Listed entries:
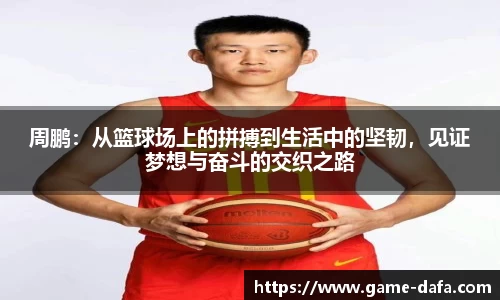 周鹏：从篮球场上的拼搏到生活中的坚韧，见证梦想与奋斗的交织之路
* * *
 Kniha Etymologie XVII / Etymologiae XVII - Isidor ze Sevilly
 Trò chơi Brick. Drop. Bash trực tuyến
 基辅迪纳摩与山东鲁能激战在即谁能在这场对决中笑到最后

The task: In the entries above, please find the line with "Kniha Etymologie XVII" and the line with "基辅迪纳摩与山东鲁能激战在即谁能在这场对决中笑到最后", then write out exactly those two lines and every line between them, and nothing more.

Answer to the problem:
 Kniha Etymologie XVII / Etymologiae XVII - Isidor ze Sevilly
 Trò chơi Brick. Drop. Bash trực tuyến
 基辅迪纳摩与山东鲁能激战在即谁能在这场对决中笑到最后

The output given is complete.